じわじわと自分の中にもアントレプレナーシップが育っていた

転機は2001年に訪れる。広島市役所隣の好立地ながら使われなくなった6畳一間の独身寮を改装して一般向け創業支援施設事業「SOHO国泰寺倶楽部」に電力本体として乗り出すことになった。不動産管理のノウハウはあるが創業支援は前例がない。社員の誰が適性を持っているかわからなかったのだろう。この時だけ社内公募があった。私は社内外の知己の幅広さを強みにプレゼンテーションして選任されることになった。電力会社独特のマネジメント方法は起業や中小企業の支援には役立たない。会社も経営知識の勉強などいろいろ応援してくれたが、役に立ったのは少年期以来の商売の匂いと社内外に広がった仲間だった。SOHO国泰寺倶楽部での創業支援活動は、全人格フル活用でアイデアを出し、公私のあらゆる縁を総動員して仲間の経営者など力を貸してくれそうなところに起業家を連れていき、当たって砕けろで公の経済産業局、県庁、市役所の門をたたき、支援機関や日本公庫、信用金庫や専門家などを駆け巡った。初めは“電力”が何しに来たという感じもあったようにおもうが、趣旨が伝わると肝胆照らす仲間にしてもらえた。やがて起業家の熱に共鳴していく。起業家とむき身の真剣勝負で付き合ううちに、じわじわと自分の中にもアントレプレナーシップが育っていた。

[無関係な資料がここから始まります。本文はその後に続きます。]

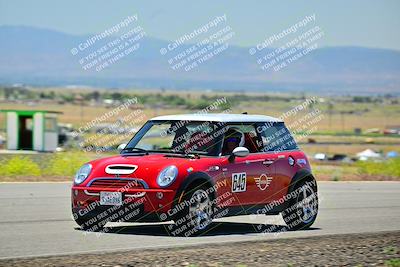 media/May-12-2024-Speed Ventures (Sun) [[eeefa4d2ad]]/Yellow Group/Session 2-Turns 5 and 6/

最大の転機は、前出のPETがん検診プロジェクトリーダーを間に挟んで2度目のIMに取り組んでいた時、「転進支援」という名の早期退職制度に手を挙げたことだ。当時社員の97%以上が定年まで勤め上げる社風の中での脱藩、いや起業家としての自立だった。いまも偉いなあと思う “サラリーマンシップ”を捨て、2008年、私は24年間務めた電力会社を退職して再び上京する道を選ぶ。大学卒業以来の東京。歩く速さをギアアップして、東京農工大学の大学発ベンチャー向けインキュベーションの仕事をいただいた。続いて社会人大学院進学、区の産業振興の仕事を経て、新宿区立高田馬場創業支援センターの立上げと創業支援に5年ほど携わった。ここでも地元の経営者、官公庁や支援機関、金融機関、専門家の皆様にずいぶん助けていただいた。高田馬場に本店がある東京三協信用金庫、東京富士大学、区の産業振興課などの参画を得てBaba-Lore(ババロア)という、地域を愛し地元で活動する人の勉強会を立ち上げたのも思い出深い。修道大学にもおられた川名和美先生に第1回の話題提供者をお願いした。

川名和美先生、秋井正宏先生と高田馬場にて

開志専門職大学の実務家教員となる

2016年「起業家は社会の宝」という信念のもと、産業社会にイノベーション環境を整備する人を育てることを目的に(一社)日本イノベーションマネジャー協会を設立し代表理事に就任した。同じ時期に広島県よろず支援拠点のコーディネーターを拝命し、起業家、中小企業経営者の経営的・心理的下支えに力を尽くした。難易度の高い経営支援に従事する者として、自己研鑽の時期を過ごさせていただいた。2020年4月、ありがたいお声がけをいただいて、新潟市に開学する開志専門職大学の実務家教員となる。縁もゆかりもなかった新潟で新たなチャレンジが始まった。専門職大学は職業のプロフェショナルを養成する高等教育機関で、教授陣の半分ぐらいは実務家、産業社会での歴戦のプロが教鞭を執る。私は長期インターンシップと新規事業計画づくりの実習、イノベーションに関する授業を担当している。学生にはアントレプレナーシップを心に燈して卒業してほしいと願っている。人生は節目節目の判断とその蓄積で形成されていると思う。つまり人生は経営そのものだ。だから学生にはいろんな場面での判断や行動を常に経営者的に、自分ごととして捉えることを伝え続けている。小さな商家に生まれ、大人たちを見上げながらの少年期を経て大きな会社に入り、わがままが高じて故郷から飛び出し、東京、そしていま新潟の地で人情の温かみに触れている。あとどのくらいの人生か知る由もないが、若いときに修行の機会を得て、及ばずながら起業家や中小企業との対話、職業教育と研究の分野で能力発揮のチャンスに巡り合い、その本質であるアントレプレナーシップを若い人たちにリレーしている。幾多の失敗に彩られながら、筋書きはないようで有った私の修行旅。埋め込まれた行程表に感謝している。大学の先生と(一社)日本イノベーションマネジャー協会の活動に、初々しい起業家のごとく徒手空拳、奮闘努力していきたい。きっと仕組まれたこの次の行程の準備になっているはずだ。みなさん、これからも明るく豊かに幸せにまいりましょう。